Neutral Citation: [2008] IEHC 421


High Court Record Number: 2007 12 CAB

Date of Delivery: 19 December 2008

Court: High Court


Composition of Court:

Judgment by: McGovern J.

Status of Judgment: Approved




Neutral Citation Number: [2008] IEHC 421

THE HIGH COURT

PROCEEDS OF CRIME

2007 12 CAB

IN THE MATTER OF THE PROCEEDS OF CRIME ACT 1996

AND

IN THE MATTER OF AN APPLICATION AFFECTING PROPERTY ALLEGED TO BE IN THE POSSESSION OR CONTROL OF

J.M., K.B., E.H., W.H.

APPLICANTS
AND

PLATINUM INVESTMENT AND DEVELOPMENT LTD

RESPONDENTS

JUDGMENT of Mr. Justice Brian McGovern delivered on the 19th day of December, 2008

1. This matter comes before the court on foot of a notice of motion issued by the first and third named respondents, J.M. and E.H. arising out of proceedings under the Proceeds of Crime Act 1996, and, in particular, an application for an interim order made on 29th June, 2007, and a further order made by this court on 10th December, 2007, which ordered that pursuant to s. 8(4) of the Act, that any publication of information that would in any way identify the first or third named respondent be prohibited.

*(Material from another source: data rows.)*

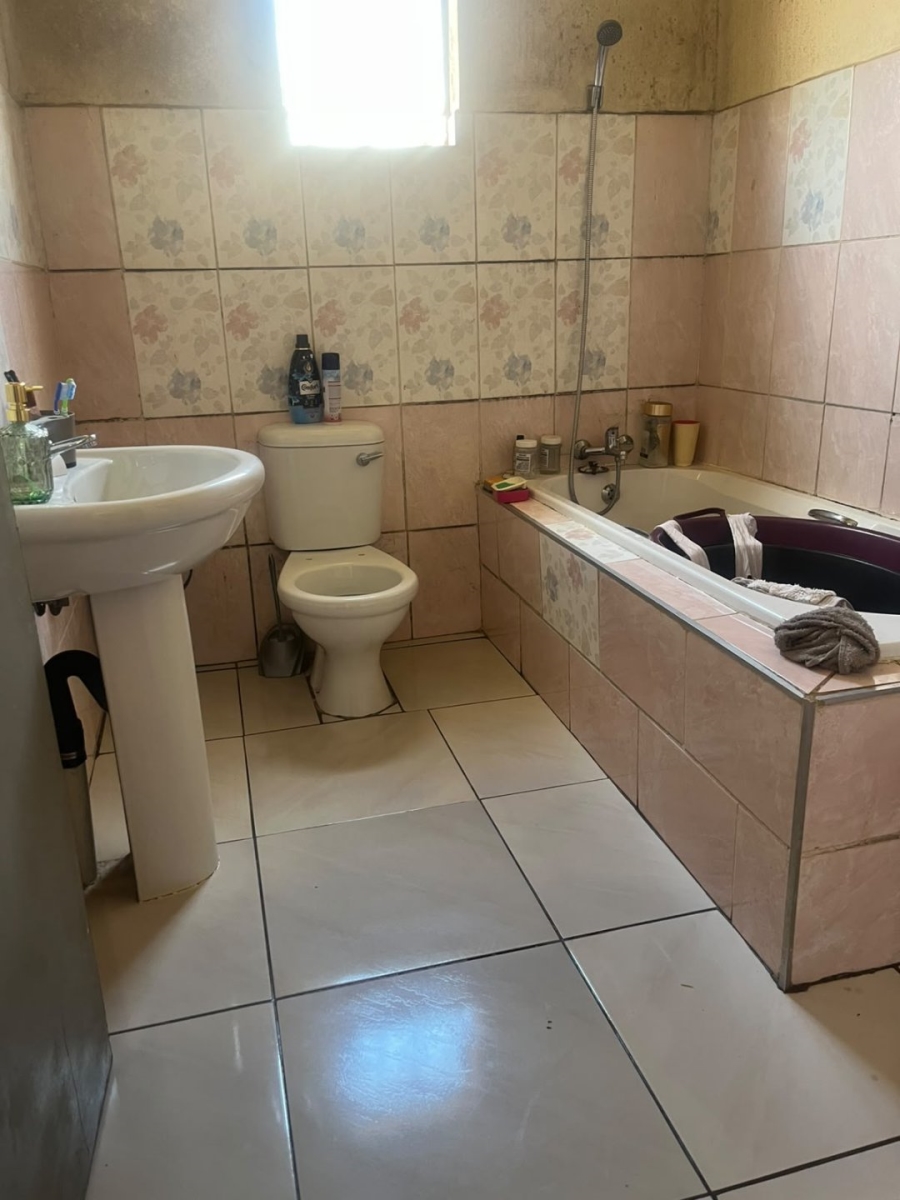 2 Bedroom Property for Sale in Greenfields Gauteng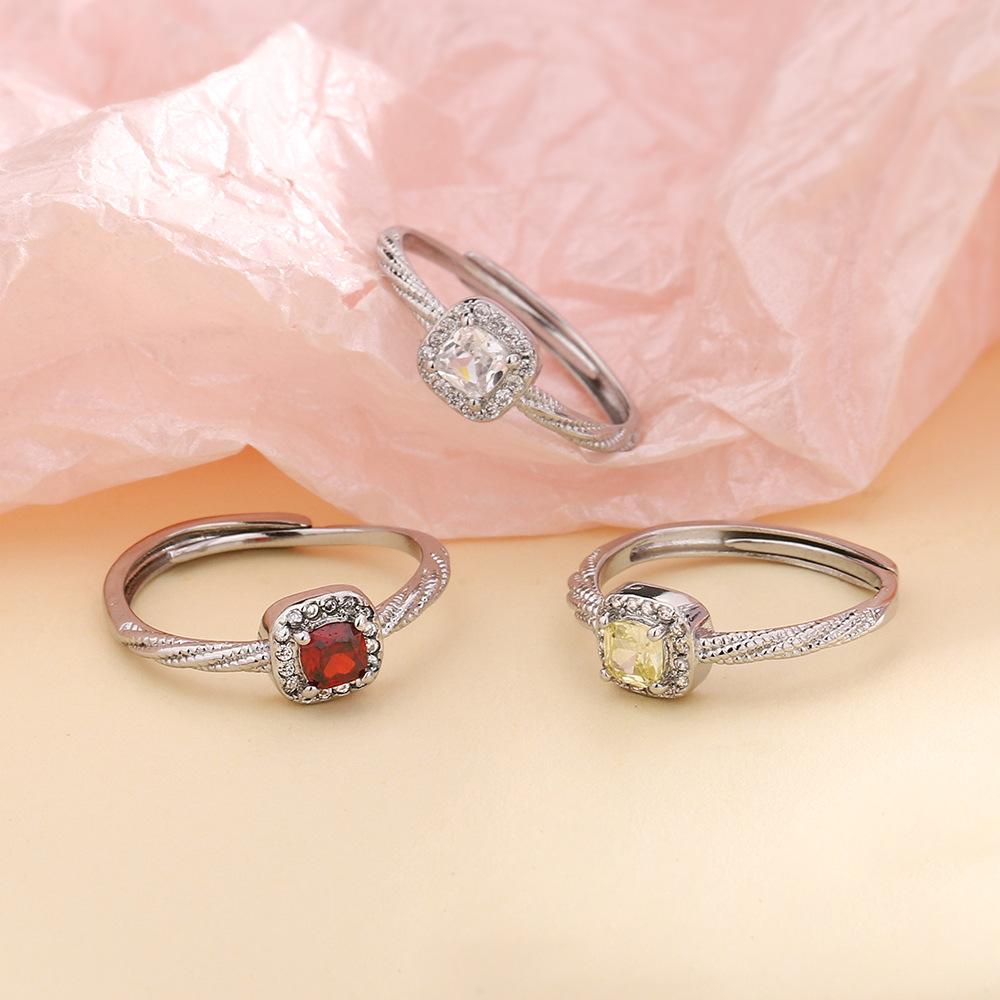Artselect Ring Twist With Red Square Candy Stone White Plated Gold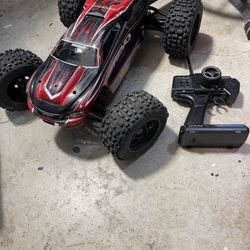1/10 TRAXXAS E-REVO 4x4 READY TO RUN BRUSHED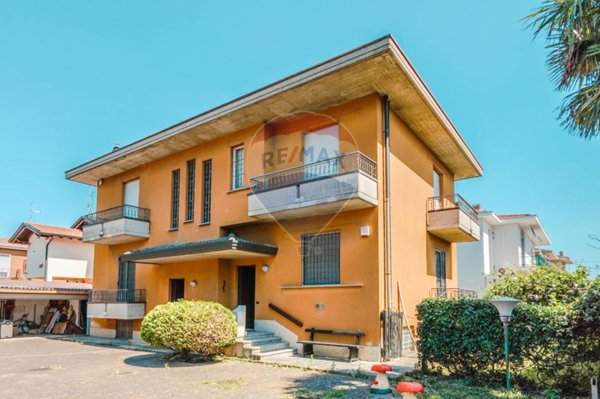 casa indipendente in vendita a Magnago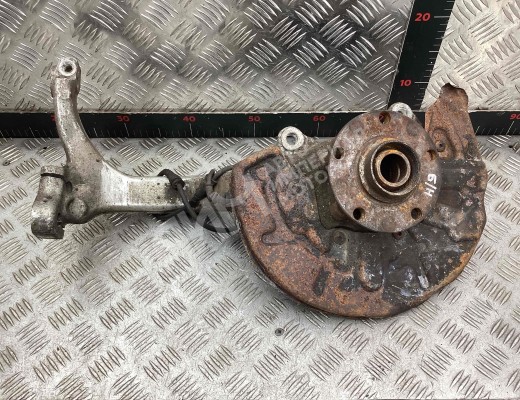 Кулак поворотный левый Audi A6 C5 (4B) 1997-2001  Audi A6 A6 C5 (4B) 1997-2001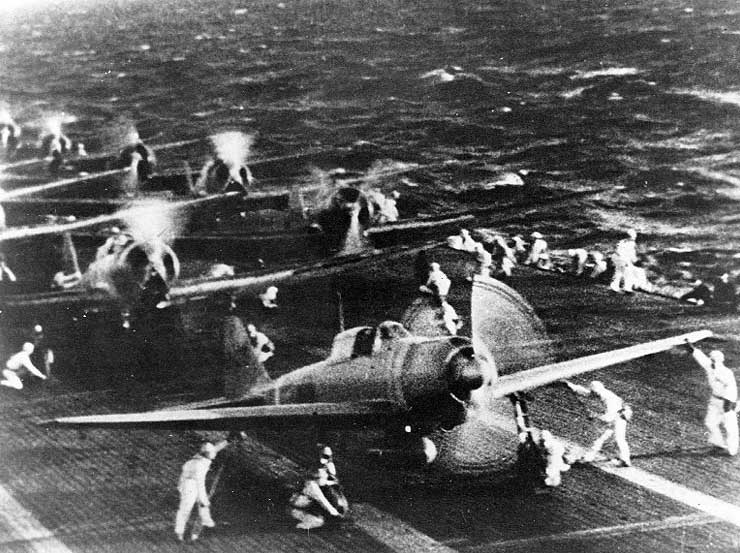 A6m and D3A aircraft prepared to launch from Shokaku to attack Pearl Harbor, US Territory of Hawaii, 7 Dec 1941, photo 1 of 3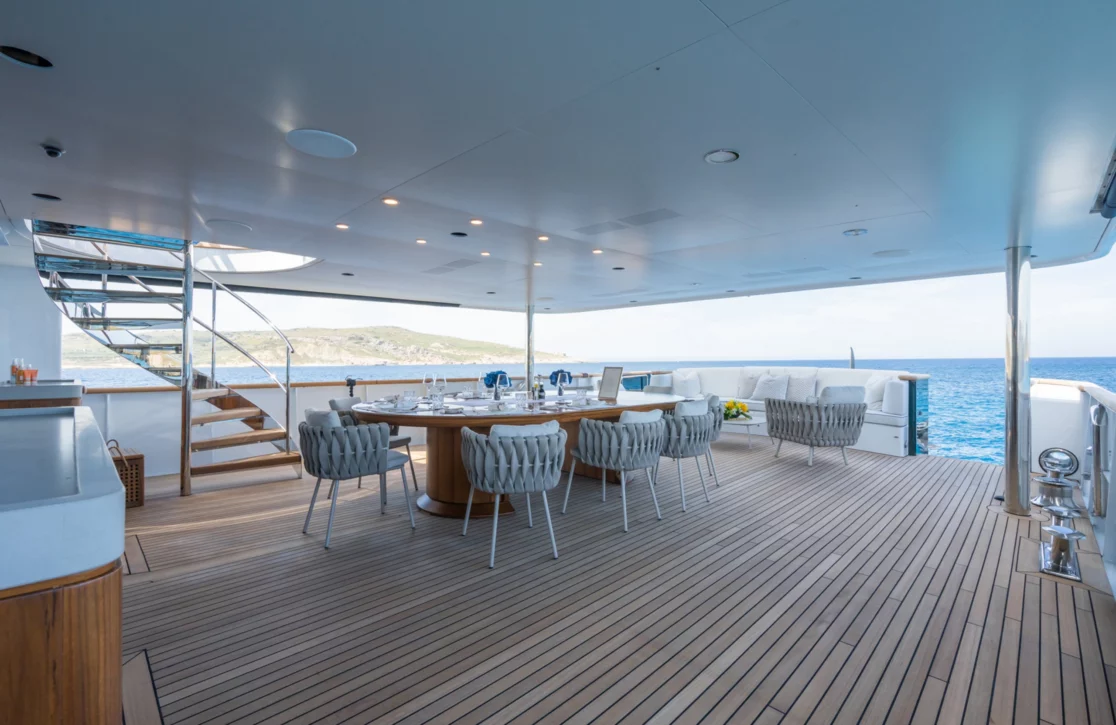 An image of Emerald yacht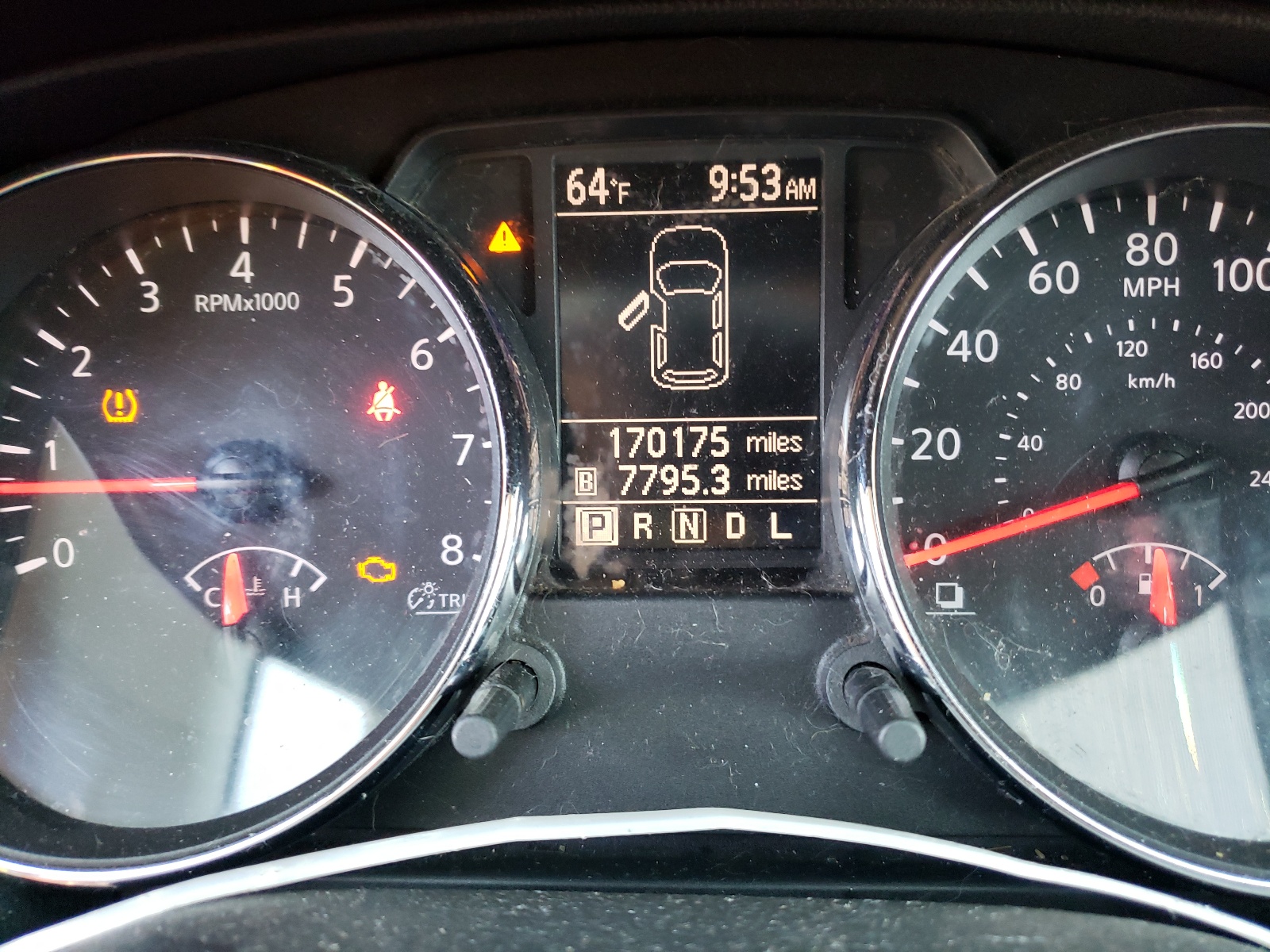 Photo 8 from auction – 2012 NISSAN ROGUE S with VIN JN8AS5MV7CW354475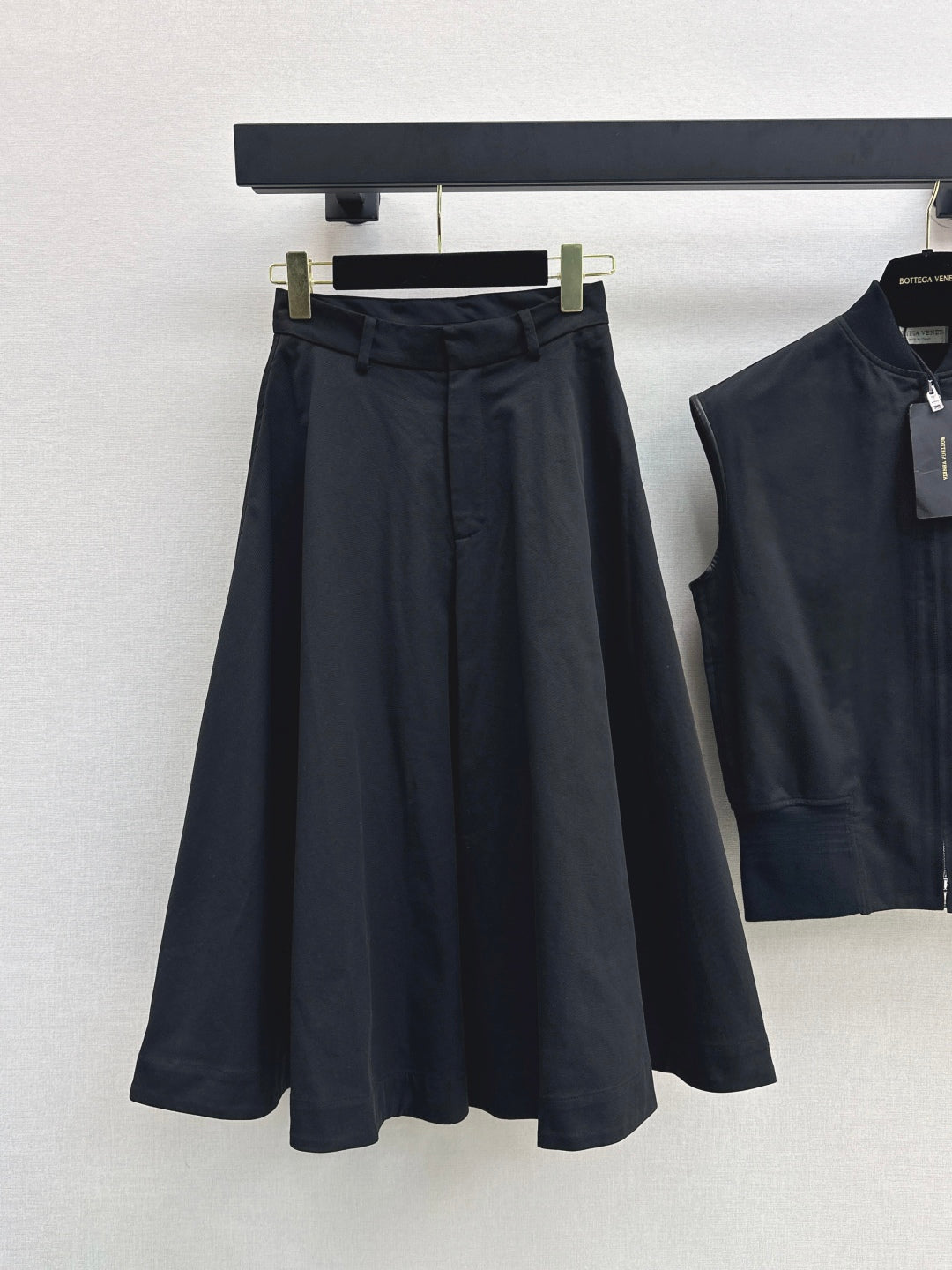 Bottega 25fw vest skirt set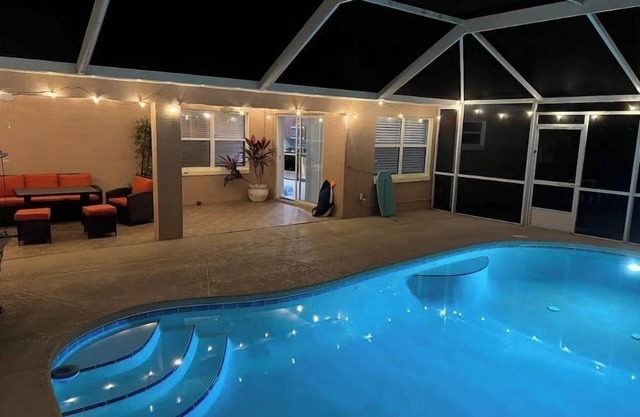 Hidden Gem- stylish 3BR house w/heated pool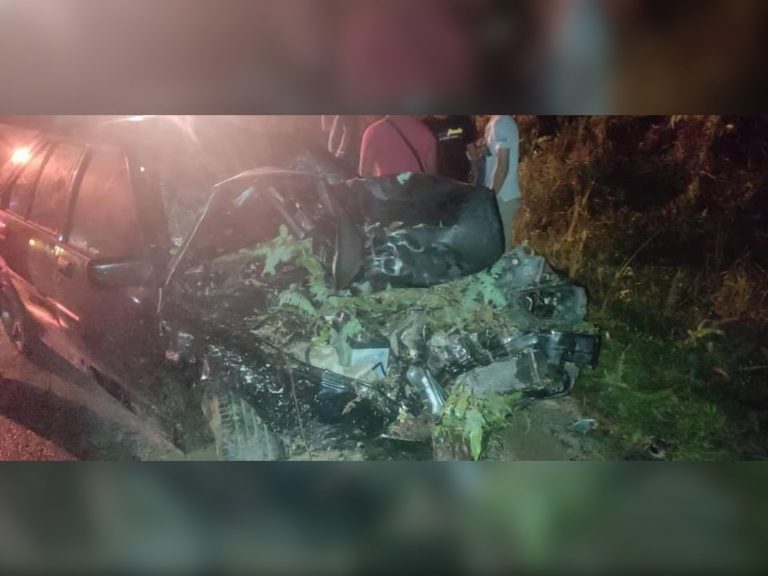Tiga rakan karib maut, motosikal bertembung kereta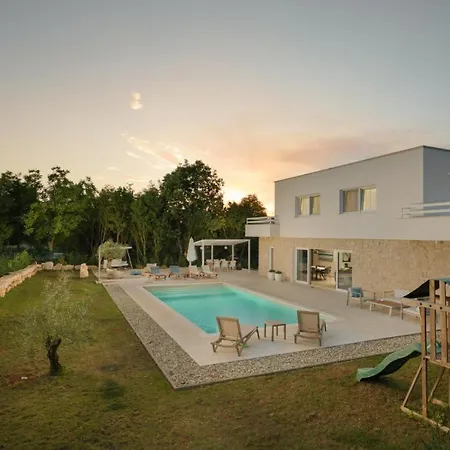 Villa Lu *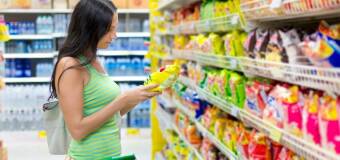 Chipsy i przekąski w Żabce – idealne na zakupy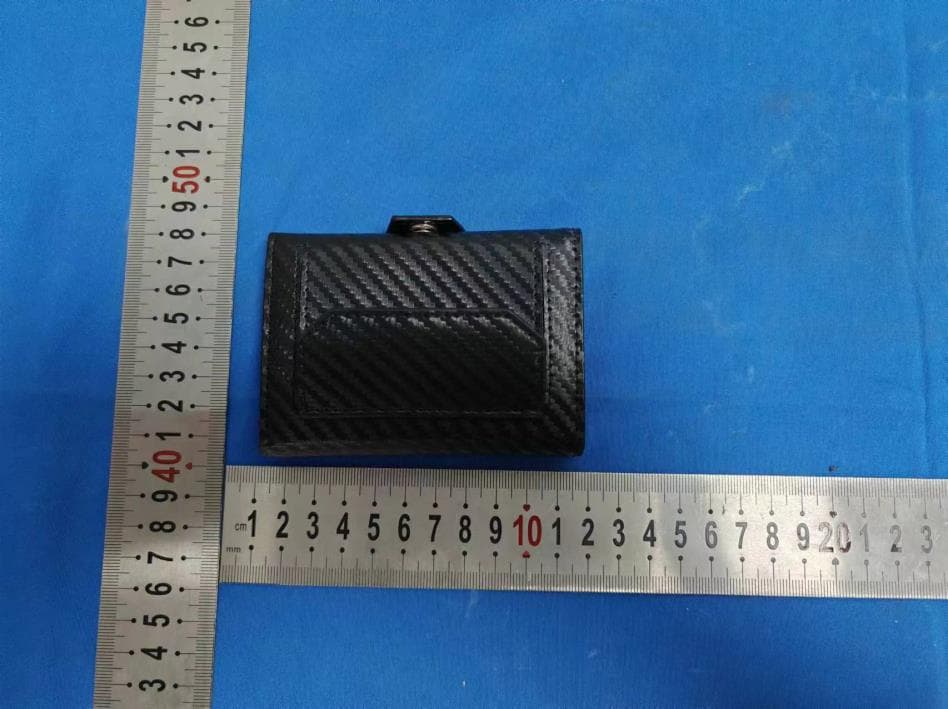 Wallet/card holder/ID card case with Bluetooth tracking function - FCC ID 2A2CJ-FIND - shen zhen shi lei du ke ji you xian gong si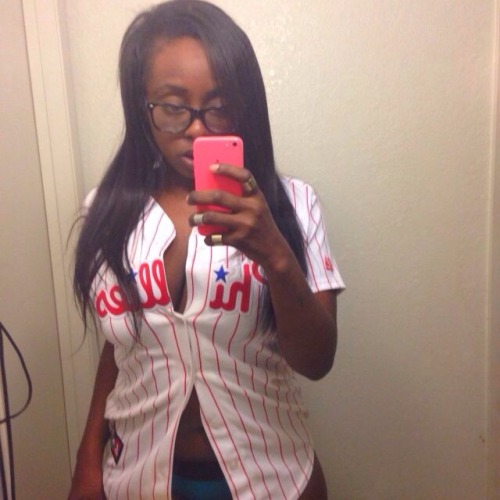 penutbutterqueen:  tatianamacintosh:  Selfies from 2K14 💦❤️ tagged by intelligere  👀👀👀👀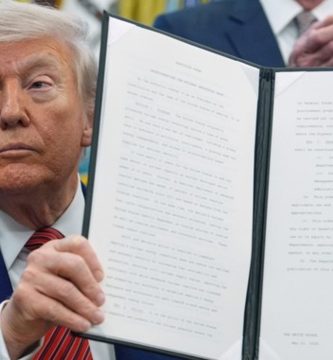 Tribunal bloquea intento de Trump de aplicar nuevas restricciones al voto por correo antes de las elecciones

Section 8 Proceeds of Crime Act 1996
2. For the purpose of this application, it is necessary to have regard to s. 8(3) and (4) of the Proceeds of Crime Act 1996 (“the Act”). These sub-sections read as follows:-

      “(3) Proceedings under this Act in relation to an interim order shall be heard otherwise than in public and any other proceedings under this Act may, if the respondent or any other party to the proceedings (other than the applicant) so requests and the court considers it proper, be heard otherwise than in public.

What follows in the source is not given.